El ejemplo de civismo y convivencia se apreciaba por el orden mostrado en los centros de votación. La educación resulta admirable tras observar la convivencia pacífica de ciudadanos vistiendo camisetas de distintos partidos políticos en las mismas filas, sin que esto provocara disturbios o tensiones en cada local.
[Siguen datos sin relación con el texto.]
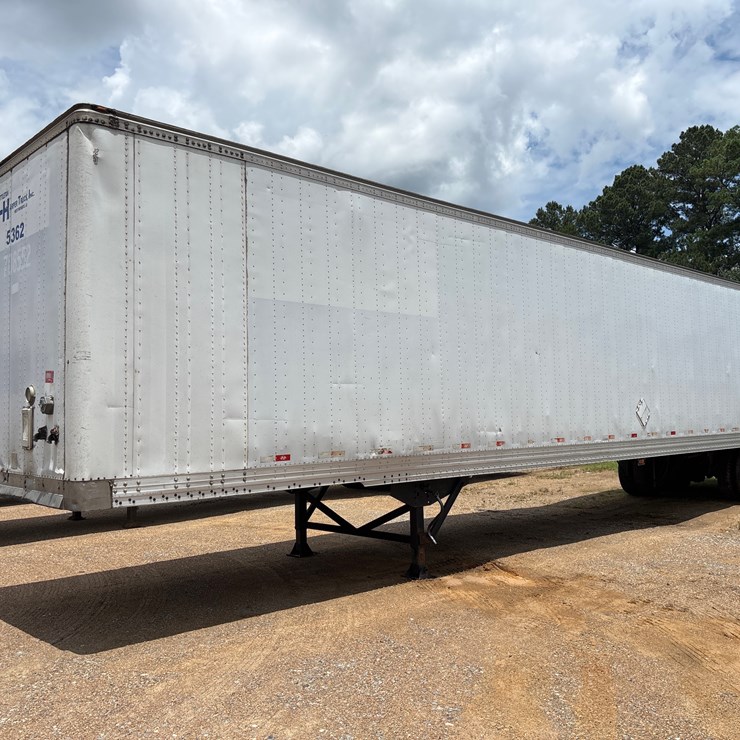#5362 • 2008 HYUNDAI 53' DRY VAN TRAILER MODEL V12530152-AJS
Un ambiente de respeto que se vio fortalecido por la labor de voluntarios comprometidos, cuya vocación de servicio facilitó tanto la organización interna como la atención a los observadores internacionales y autoridades extranjeras invitadas.
Las calles se inundaron de banderas y vehículos que portaban los colores de sus agrupaciones por toda la ciudad. Un punto culminante fue la concentración en la Fuente de la Hispanidad, donde simpatizantes de todas las fuerzas políticas celebraron los comicios en un clima de alegría. El color de la democracia fue acompañado del sonido constante de las cornetas que rompió la habitual calma del tráfico local, transformando el ruido urbano en un símbolo de celebración colectiva y pacífica.
Con una participación ciudadana del 66%, celebrada con entusiasmo en la sede del Tribunal Supremo de Elecciones (TSE), los costarricenses —o "ticos", como orgullosamente se autodenominan— mostraron su madurez política. En un proceso inédito con veinte candidaturas, los diversos formatos de debate permitieron a los electores contrastar con claridad las propuestas, fortalezas y debilidades de cada contendiente. Se trata de un hito importante porque revirtió la tendencia al abstencionismo de años anteriores y reflejo que, a pesar de la polarización política que viven muchos países, Costa Rica decidió volver con fuerza a las urnas.
Al cierre de la jornada, tras el anuncio de los resultados oficiales, la fiesta culminó con la naturalidad propia de una democracia sólida: algunos celebrando la victoria y otros aceptando la derrota de sus candidatos, pero todos compartiendo la satisfacción de haber vivido una jornada democrática ejemplar.